3) Verbal commitment to working on the marriage together with you - whether that includes marriage counseling, or coaching, etc..

If he openly and honestly does so - even if it means some pain or embarrassment for him, you can be certain that the affair is over. If he is not willing, my advice is to act upon the assumption that an affair is still in the works, and take steps accordingly.

----------------
Now playing: Elane - One With Lunnight
via FoxyTunes


----------



## 4mockingbird (Jul 27, 2010)

Your scenerio is the a mirror of mine, he said they were just friends. But now he has served me with divorce papers and wants this marriage to end quickly. I am assuming so he can be with her. She is also married and has a son. 

My H had and still has all his emails, phones, FB, etc locked up with passwords like Fort Knox and would not let me see anything. And he is always on the comptuer on his g-mail account. He says he has stopped contact, but I don't believe him. He basically said that He does not has to answer to me and I need to mind my own business. He has stopped the texting but only because I can check on that and he can't stop me. 

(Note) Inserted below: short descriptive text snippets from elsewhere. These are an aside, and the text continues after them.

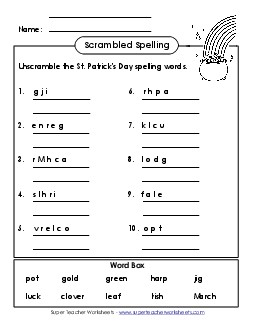 Word Unscramble (A-St. Patrick\'s Day)  Spelling A Worksheet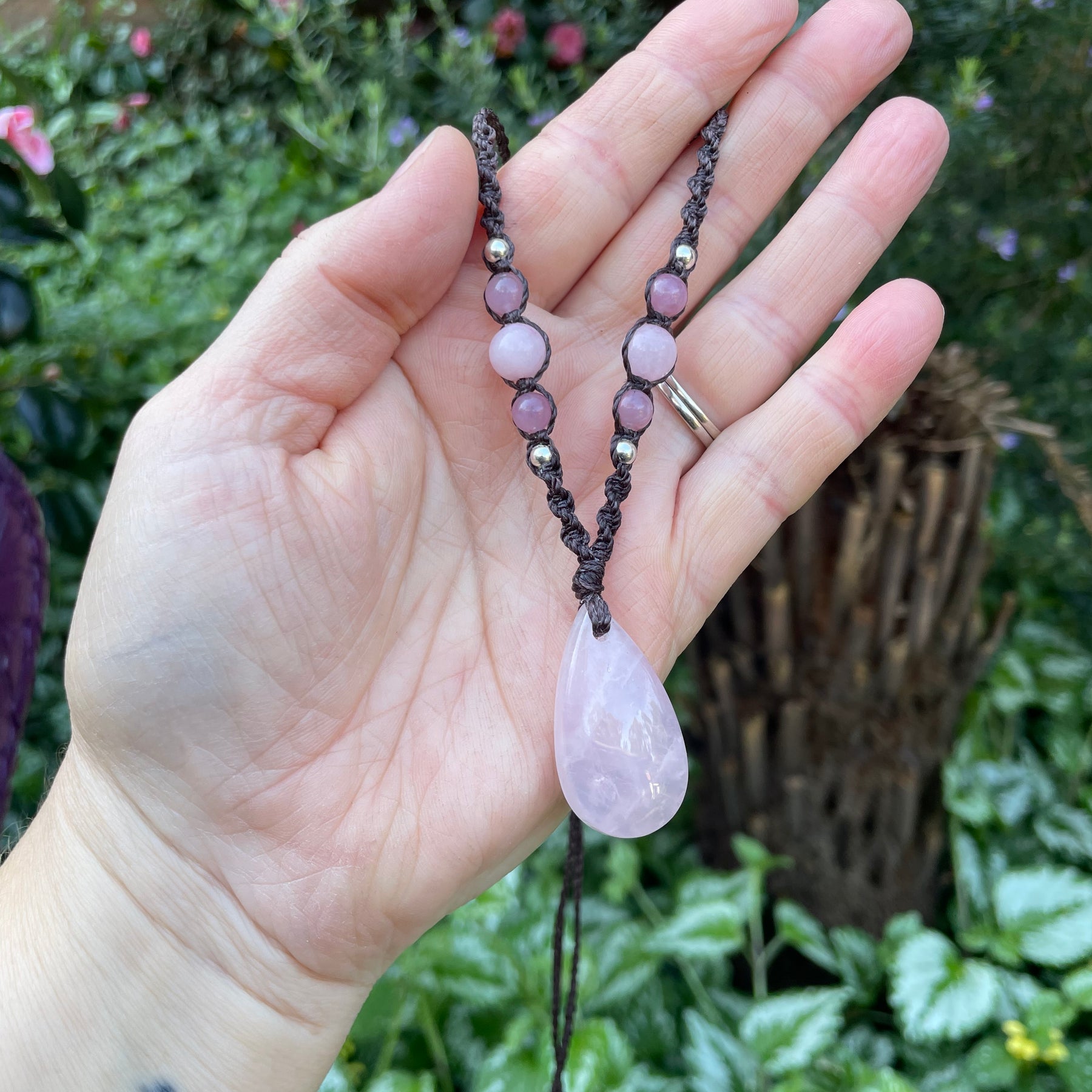 Rose Quartz Pendant, Necklace, adjustable boho macrame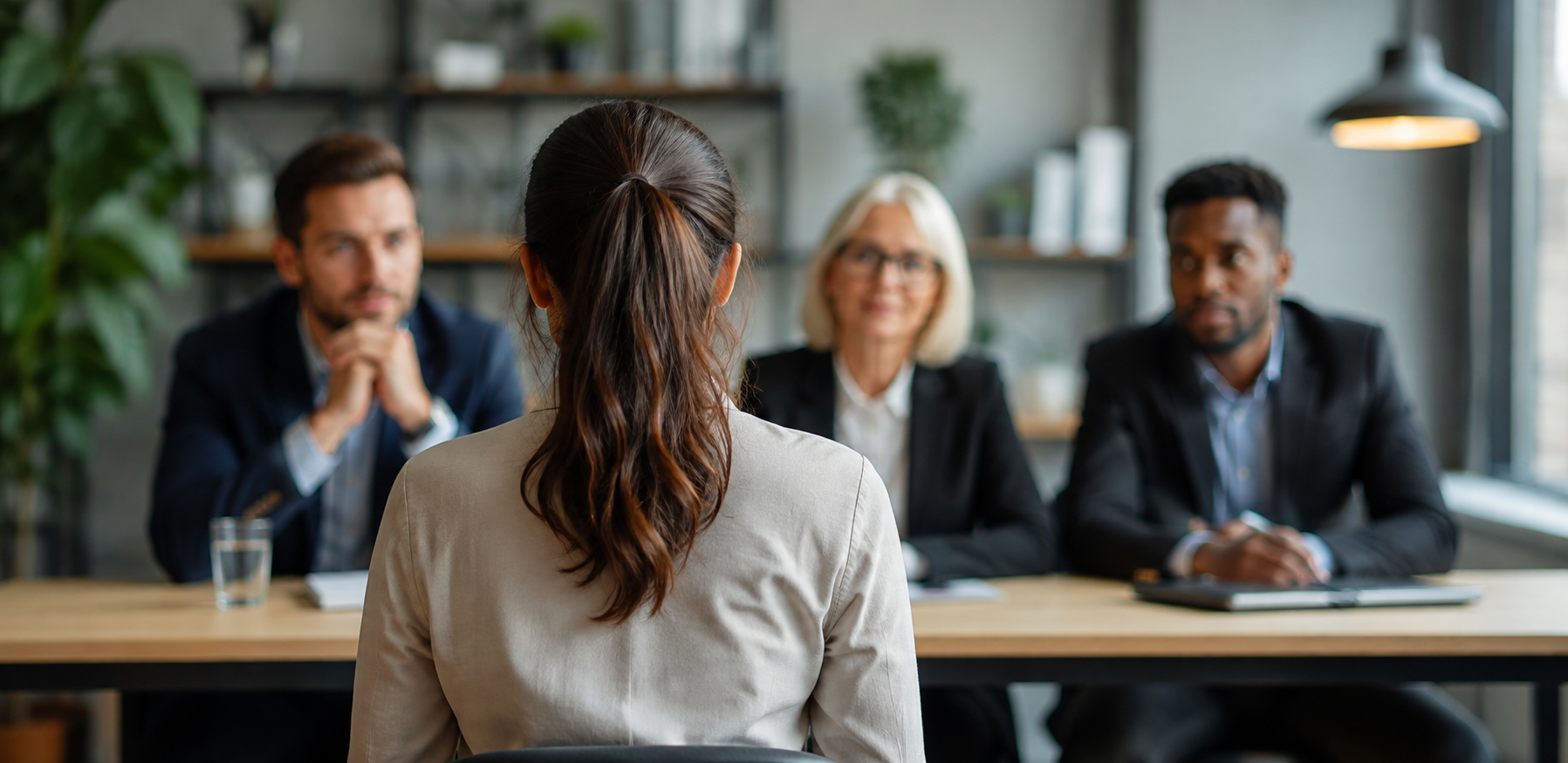 Candidate en entrevue d’embauche face à des recruteurs, illustrant l’anxiété avant une entrevue et un changement d’emploi.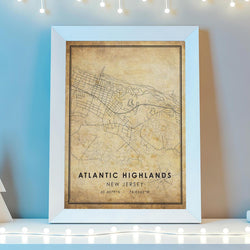 Atlantic Highlands, New Jersey Vintage Style Map Print 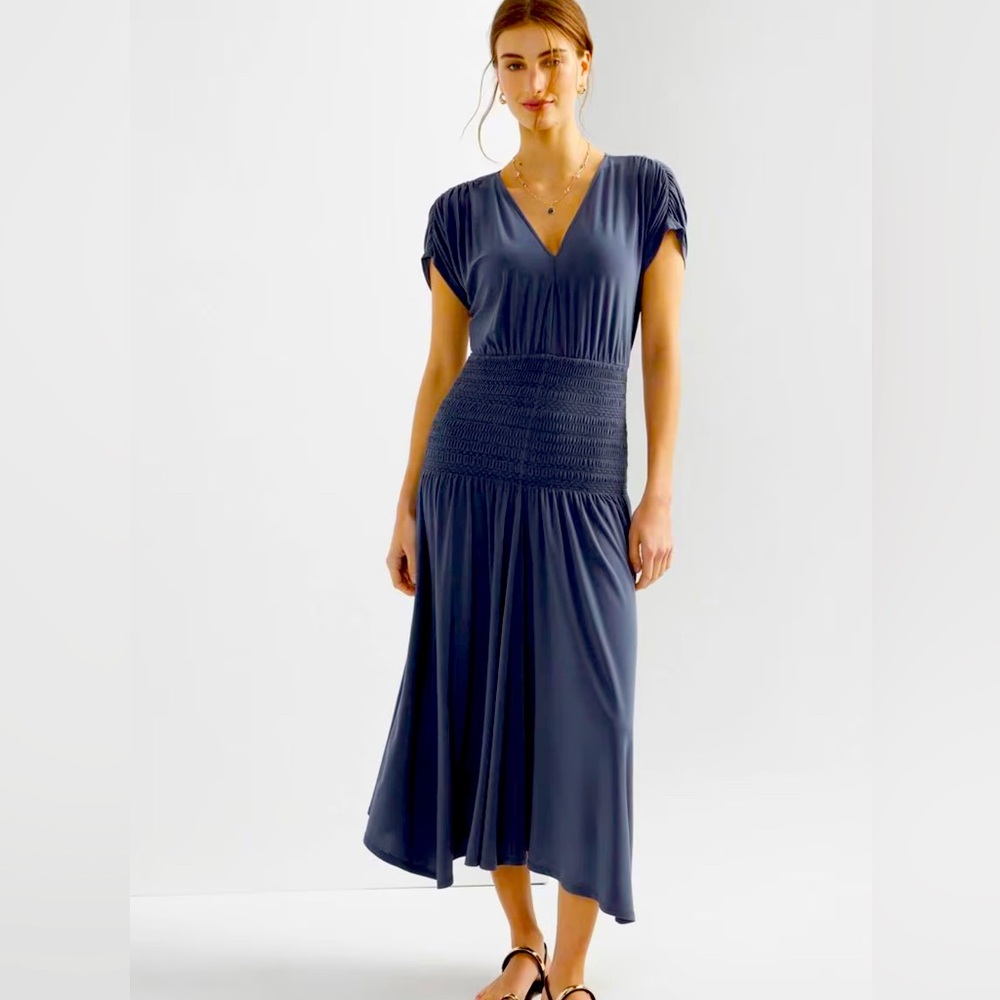 White House Black Market Matte Jersey Smocked Dress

He has never apologized for this because he feels he has done nothing wrong because it was an EA and not a PA. He has said that he wants his freedom so he can have sex and date other people, but hasn't mentioned her in particular. With him putting a rush on all this, I know he has someone waiting in the wings.


----------



## 2Daughters (May 13, 2010)

It's too late in my opinion!!!..why force someone to be with you when they don't want to?..life is too short..IMO


----------



## jcrawford (Aug 3, 2010)

Wow that sounds all to fimiliar! YES there is more and If the woman My husband cheated on me with didn't confess to her Husband and him get it on a recording I would still to this day NEVER know the truth! Your instinct is dead on! If there is any way you can get someone to be-friend her and squeeze it outta her then you will have to figure out if you can live with that pain in your stomach (cause it wont go away) or if you wanna leave and hope it will scare him into a confession. Oh and you having access to all accounts is a comfort to you... HINT* he has a secret account! I Found that out from the OW... When he gave me complete access to all acounts (I knew of)... it made me wonder! So sorry you are going thru this I feel your pain!


----------



## trustingtomuch (Jul 28, 2010)

Oh my goodness, jcrawford you hit it dead on. Thank you so much for the advice. My next step is going to find that one person to friend her to get the scoop. Either way, I need to know so I can move on and start the healing process. I've already thought about him having another account that I don't know about. Thanks again and hopefully when and if I find anything out I will be able to let you know what happens. Not sure how but I certainly will try. Thanks for the advice. I love it.


----------



## stillINshock (Apr 9, 2009)

Well, I'm almost 2 yrs out, and I still want to strap a lie detector on my H. Hoping to soon find out that broccoli is the new truth serum. 
Good luck to you. Stay strong


----------